The rebase command efficiently rewrites an image to replace the base image it is FROM with a new base image.

rebase visualization

(link)

This is not safe in general, but it can be extremely useful for platform providers, e.g. when a vulnerability is discovered in a base layer and many thousands or millions of applications need to be patched in a short period of time.

A commonly accepted guideline for rebase-safety is ABI-compatibility, but this is still imperfect in a handful of ways, and the exact contract varies between platform providers.

Rebasing is best suited for when rebuilding is either impossible (source is not available) or impractical (too much work, too little time).

Using crane rebase

For purposes of illustration, imagine you've built a container image my-app:latest, which is FROM ubuntu:

FROM ubuntu

RUN ./very-expensive-build-process.sh

ENTRYPOINT ["/bin/myapp"]

A serious vulnerability has been found in the ubuntu base image, and a new patched version has been released, tagged as ubuntu:latest.

You could build your app image again, and the Dockerfile's FROM ubuntu directive would pick up the new base image release, but that requires a full rebuild of your entire app from source, which might take a long time, and might pull in other unrelated changes in dependencies.

You may have thousands of images containing the vulnerability.
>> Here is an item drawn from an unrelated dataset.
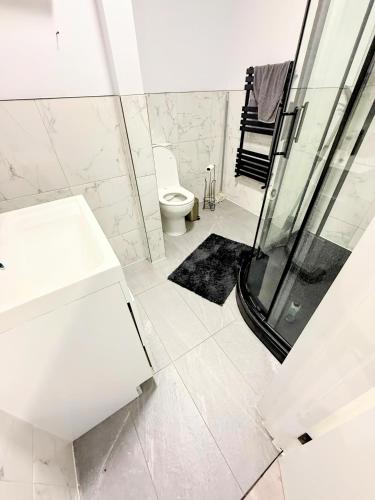 a white bathroom with a shower and a toilet at Crystal Palace Stylish gfloor 1bed apartment,3 minutes walk to Crystal palace station in London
You just want to release this critical bug fix across all your apps, as quickly as possible.

Instead, you could use crane rebase to replace the vulnerable base image layers in your image with the patched base image layers, without requiring a full rebuild from source.

$ crane rebase my-app:latest \
  --old_base=ubuntu@sha256:deadbeef... \
  --new_base=ubuntu:latest \
  --tag=my-app:rebased

This command:

  1. fetches the manifest for the original image my-app:latest, and the old_base and new_base images
  2. checks that the original image is indeed based on old_base
  3. removes old_base's layers from the original image
  4. replaces them with new_base's layers
  5. computes and uploads a new manifest for the image, tagged as --tag.

If --tag is not specified, its value will be assumed to be the original image's name. If the original image was specified by digest, the resulting image will be pushed by digest only.

crane rebase will print the rebased image name by digest to stdout.

Base Image Annotation Hints

The OCI image spec includes some standard image annotations that can provide hints for the --old_base and --new_base flag values, so these don't need to be specified:

  • org.opencontainers.image.base.digest specifies the original digest of the base image
  • org.opencontainers.image.base.name specifies the original base image's reference

If the original image has these annotations, you can omit the --old_base and --new_base flags, and their values will be assumed to be:

  • --old_base: the base.name annotation value, plus the base.digest annotation value
  • --new_base: the base.name annotation value

If these annotation values are invalid, and the flags aren't set, the operation will fail.

Whether or not the annotation values were set on the original image, they will be set on the resulting rebased image, to ease future rebase operations on that image.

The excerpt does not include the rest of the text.